_Source records_.
+-------+

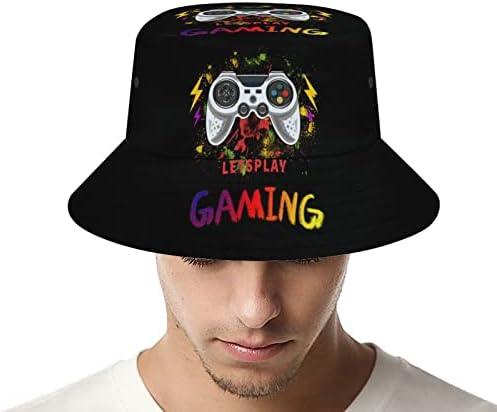 Chapéu de balde para jogos, gamepad gamer fisherman boné para mulheres homens, videogame unissex pacote de praia chapéu para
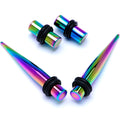 BodyCandy Rainbow PVD Straight Plug and Taper Set Sizes 5mm to 10mm — packaging or label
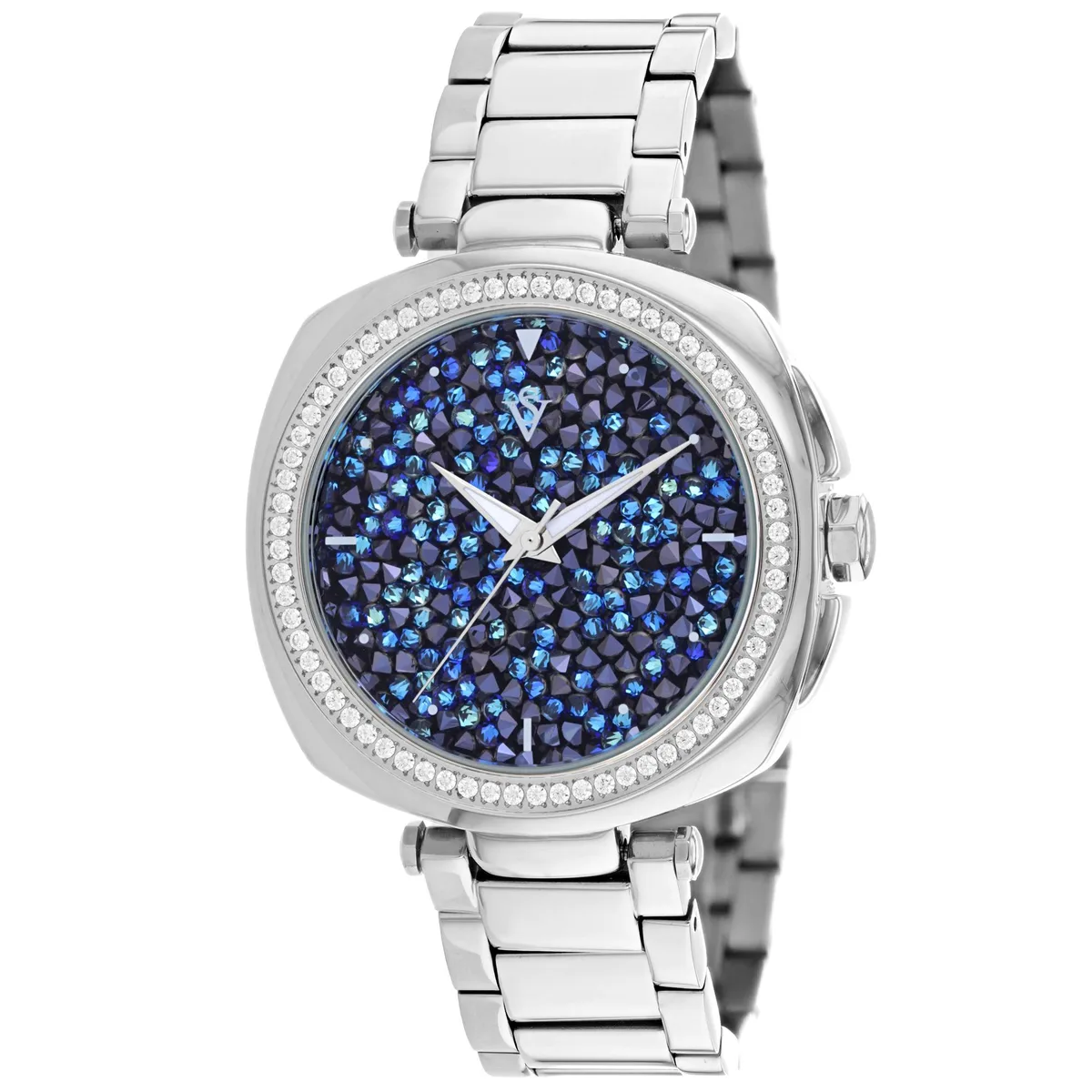 Christian Van Sant CV0490 blue dial stainless steel watch on matching bracelet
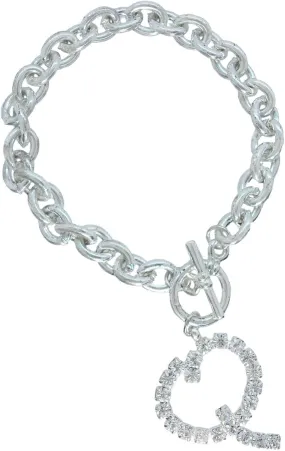 Initial Q Letter Charm Bracelet Crystal Rhinestone Silver Tone 7 3/4" Fashion Bracelets for Women Trendy Accessories for Women Stylish Additions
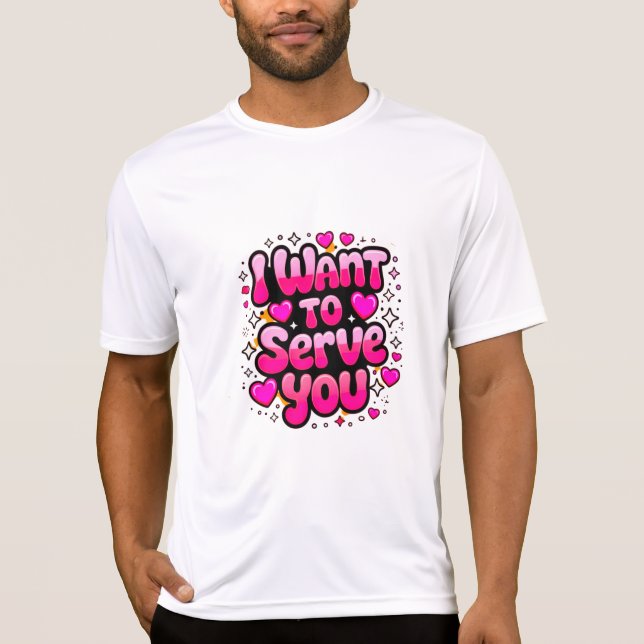 Camiseta Quero Servir-Te - Design de Coração Bonita (Frente)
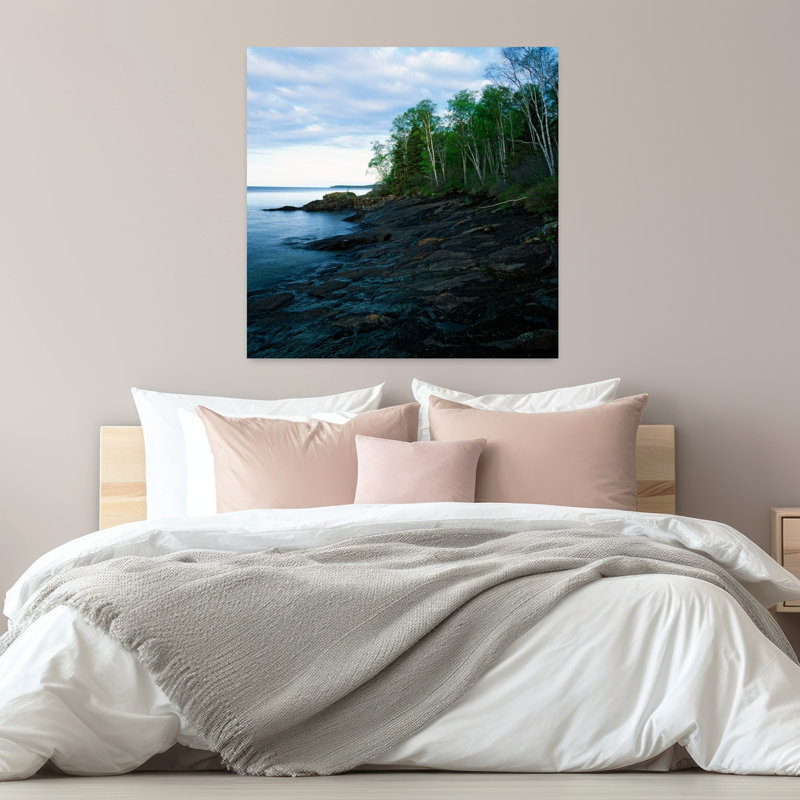 Rocks and trees along Lake Superior shoreline Cascade River State Park Minnesota USA. 1 Piece Wrapped Canvas Wall Art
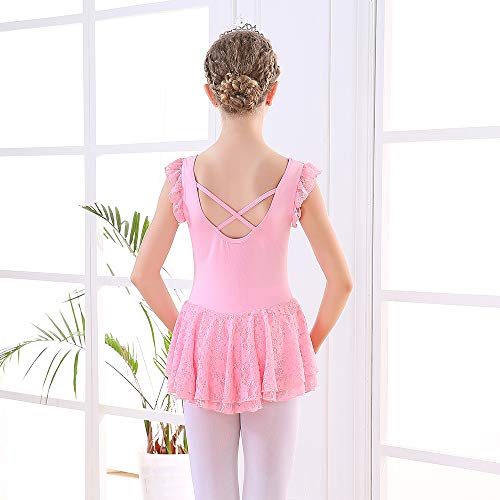 Soudittur Maillot de Ballet Niña Vestido de Danza Baile Tutú Leotardo Algodón Gimnasia Clásico Sin Mangas con Faldas de Encaje en Rosa (8-9 Años)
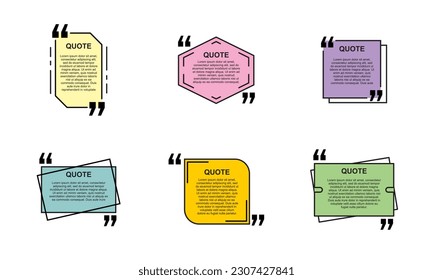 Quote box frame, big set. Quote box icon. Texting quote boxes. Blank template quote text info design boxes quotation bubble blog quotes symbols. Creative vector banner illustration.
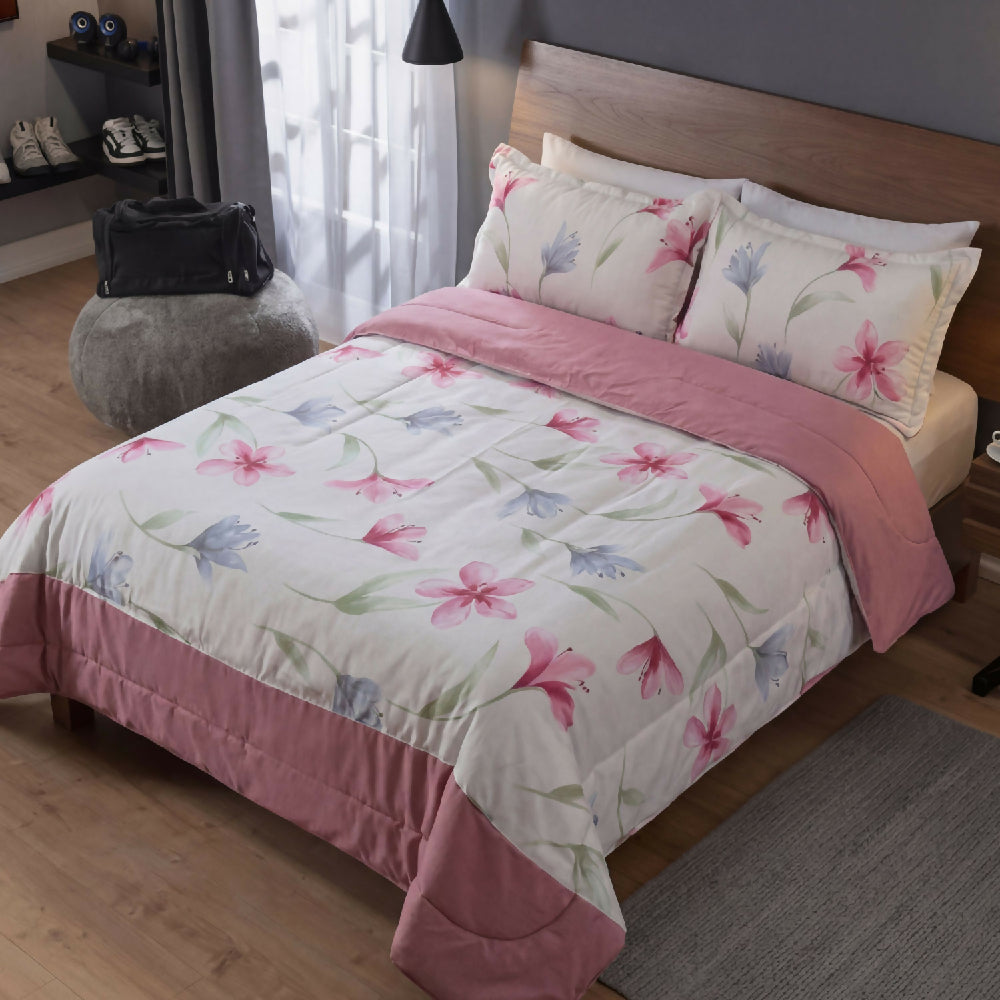 Funda Duvet Estampado Lirios Rosados Doble + Sábana Plana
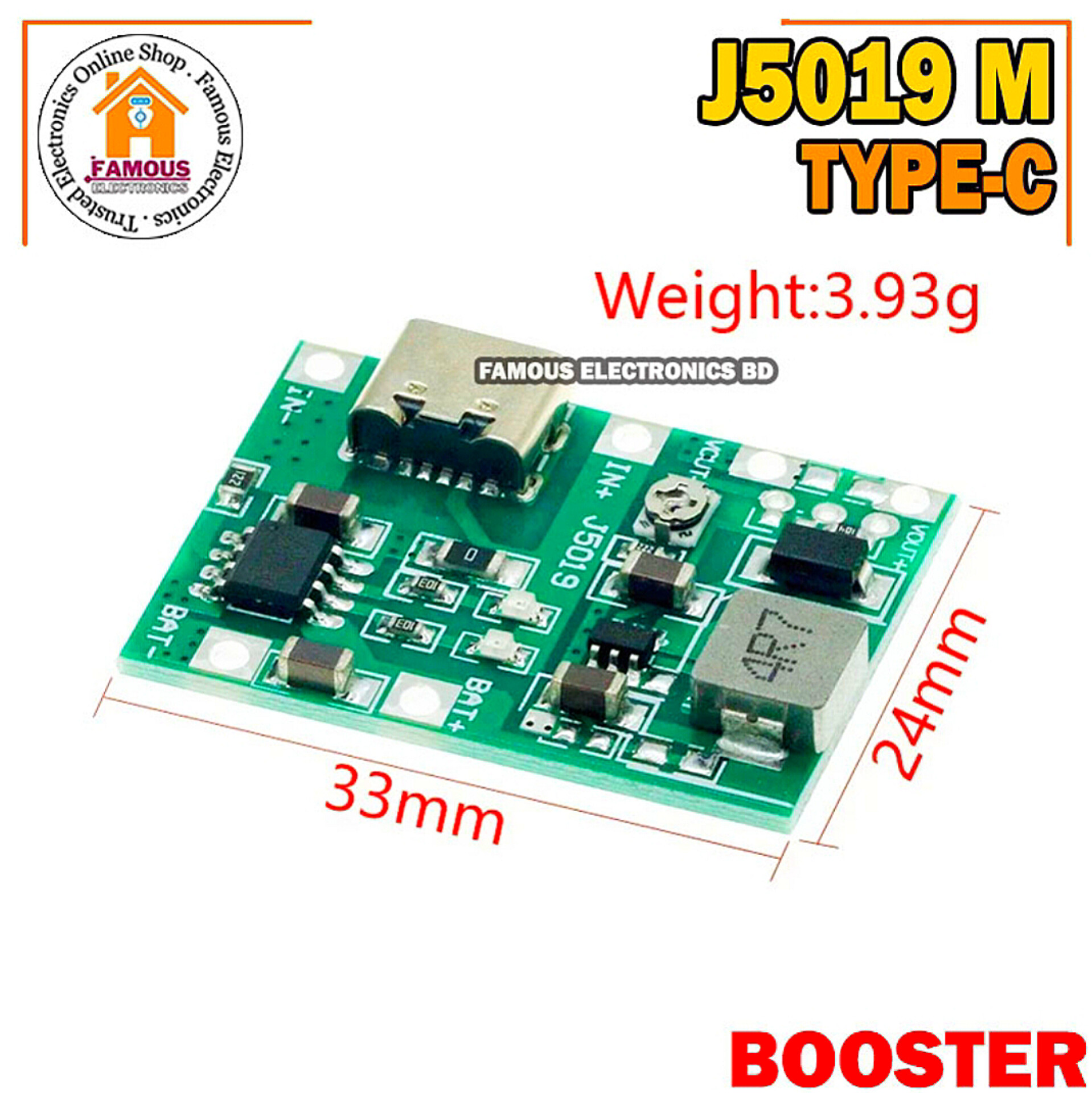 J5019 TYPE-C Li-ion 3.7/4.2 Volt Battery Charger Board + DC-DC Step Up and Down Boost Module_img_4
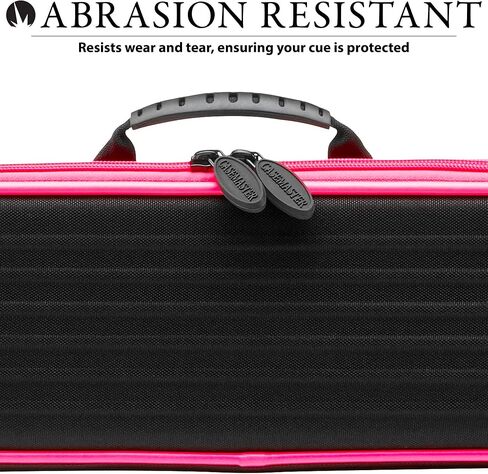 Casemaster Parallax Billiard/Pool Cue Case 600D Oxford Heavyweight Polyester Fabric and Padded Interior, Holds 1 Complete 2-Piece Cue (1 Butt/1 Shaft), Black with Orange Trim in Kuwait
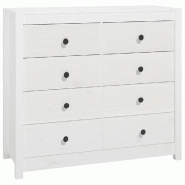 Helloshop26 - Armoire latérale pratique blanc 100 x 40 x 90 cm rangement spacieux style rustique en bois de pin massif blanc 02_0048461 - blanc Bois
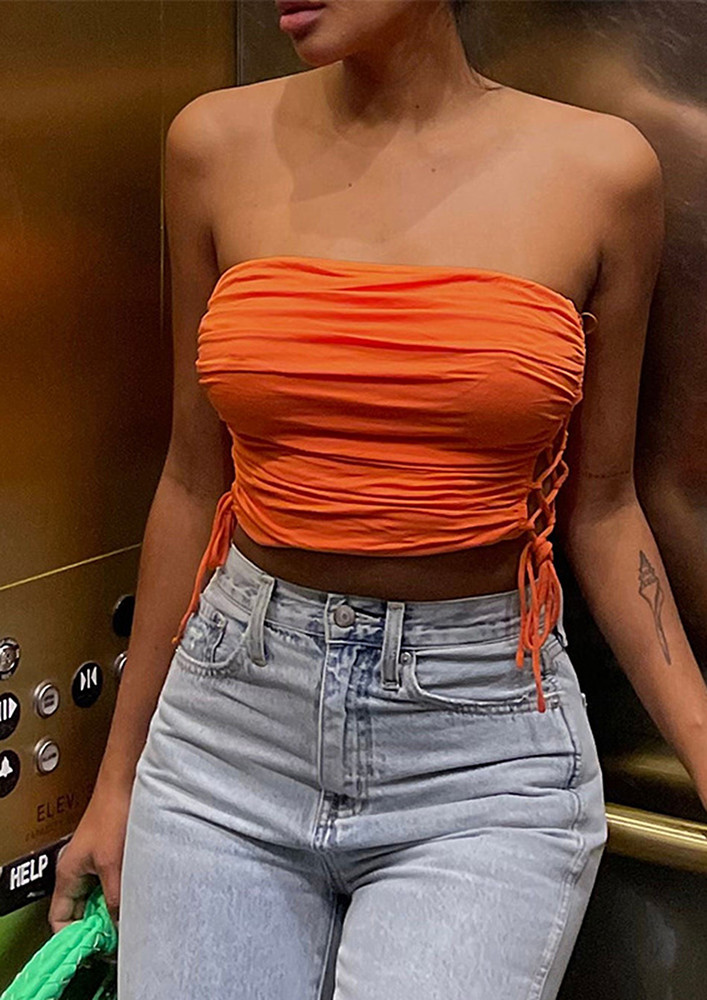 Orange Hollow Lace-up Straps Tube Top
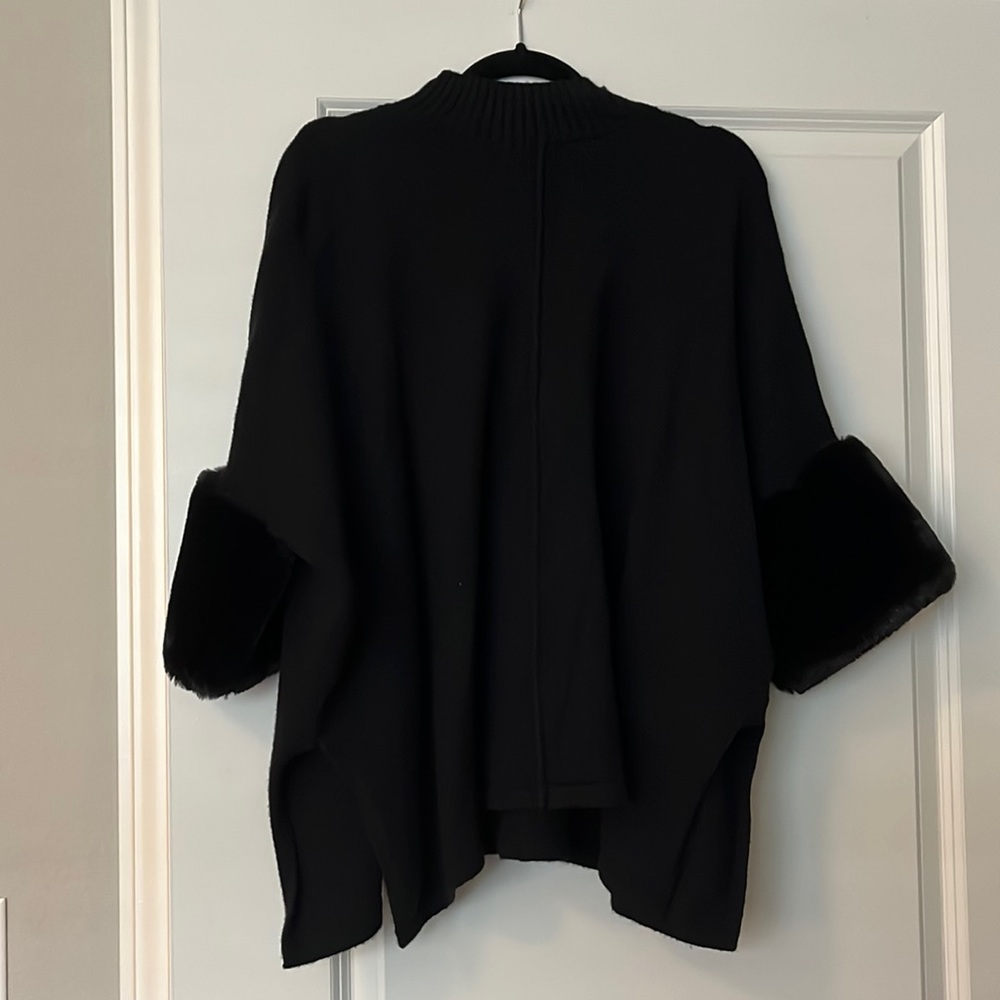 Alfani Fur Trimmed Poncho Sweater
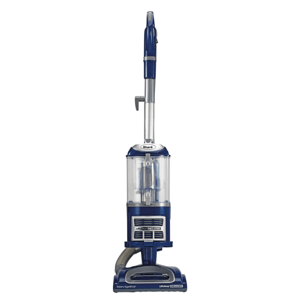 Shark Navigator Lift-Away Deluxe vacuum cleaner in blue, featuring a detachable canister for portable cleaning and swivel steering for easy maneuverability.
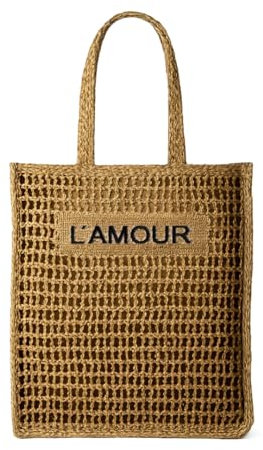 Strandtasche L'Amour Beachbag Reisetasche Große Strandtasche XXL mit Innentasche und Reißverschluss, Badetasche, Shopper, Shopping Bag, Tote Bag mit Reißverschluss, Damen Schultertasche, Boho Look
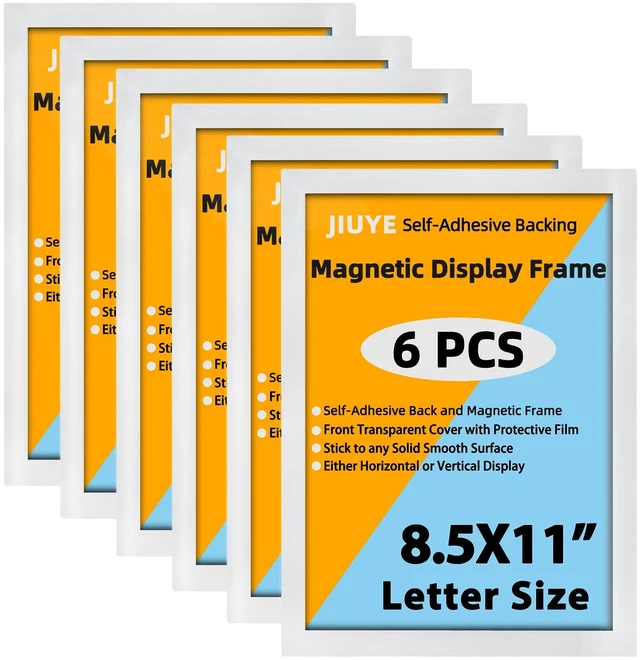 Main image of 8.5 x 11 Self Adhesive Magnetic Sign Holder,Dual Sides Transparent Magnetic Window Display Frame for Office/Store/School as Shop Notice Frame/Schedule (8.5"x11" 6Pcs, Silver)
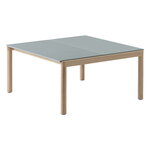 Muuto Couple coffee table, 80 x 84 cm, plain/wavy, pale blue - oak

+-------+

_WORK TO BE COMPLETED_. All of the entries above are to be duplicated exactly, with every image left out.

_RESPONSE AREA_.
 Chapéu de balde para jogos, gamepad gamer fisherman boné para mulheres homens, videogame unissex pacote de praia chapéu para
 BodyCandy Rainbow PVD Straight Plug and Taper Set Sizes 5mm to 10mm — packaging or label
 Christian Van Sant CV0490 blue dial stainless steel watch on matching bracelet
 Initial Q Letter Charm Bracelet Crystal Rhinestone Silver Tone 7 3/4" Fashion Bracelets for Women Trendy Accessories for Women Stylish Additions
 Camiseta Quero Servir-Te - Design de Coração Bonita (Frente)
 Rocks and trees along Lake Superior shoreline Cascade River State Park Minnesota USA. 1 Piece Wrapped Canvas Wall Art
 Soudittur Maillot de Ballet Niña Vestido de Danza Baile Tutú Leotardo Algodón Gimnasia Clásico Sin Mangas con Faldas de Encaje en Rosa (8-9 Años)
 Quote box frame, big set. Quote box icon. Texting quote boxes. Blank template quote text info design boxes quotation bubble blog quotes symbols. Creative vector banner illustration.
 Funda Duvet Estampado Lirios Rosados Doble + Sábana Plana
 J5019 TYPE-C Li-ion 3.7/4.2 Volt Battery Charger Board + DC-DC Step Up and Down Boost Module_img_4
 Casemaster Parallax Billiard/Pool Cue Case 600D Oxford Heavyweight Polyester Fabric and Padded Interior, Holds 1 Complete 2-Piece Cue (1 Butt/1 Shaft), Black with Orange Trim in Kuwait
 Helloshop26 - Armoire latérale pratique blanc 100 x 40 x 90 cm rangement spacieux style rustique en bois de pin massif blanc 02_0048461 - blanc Bois
 Orange Hollow Lace-up Straps Tube Top
 Alfani Fur Trimmed Poncho Sweater
 Shark Navigator Lift-Away Deluxe vacuum cleaner in blue, featuring a detachable canister for portable cleaning and swivel steering for easy maneuverability.
 Strandtasche L'Amour Beachbag Reisetasche Große Strandtasche XXL mit Innentasche und Reißverschluss, Badetasche, Shopper, Shopping Bag, Tote Bag mit Reißverschluss, Damen Schultertasche, Boho Look
 Main image of 8.5 x 11 Self Adhesive Magnetic Sign Holder,Dual Sides Transparent Magnetic Window Display Frame for Office/Store/School as Shop Notice Frame/Schedule (8.5"x11" 6Pcs, Silver)
 Muuto Couple coffee table, 80 x 84 cm, plain/wavy, pale blue - oak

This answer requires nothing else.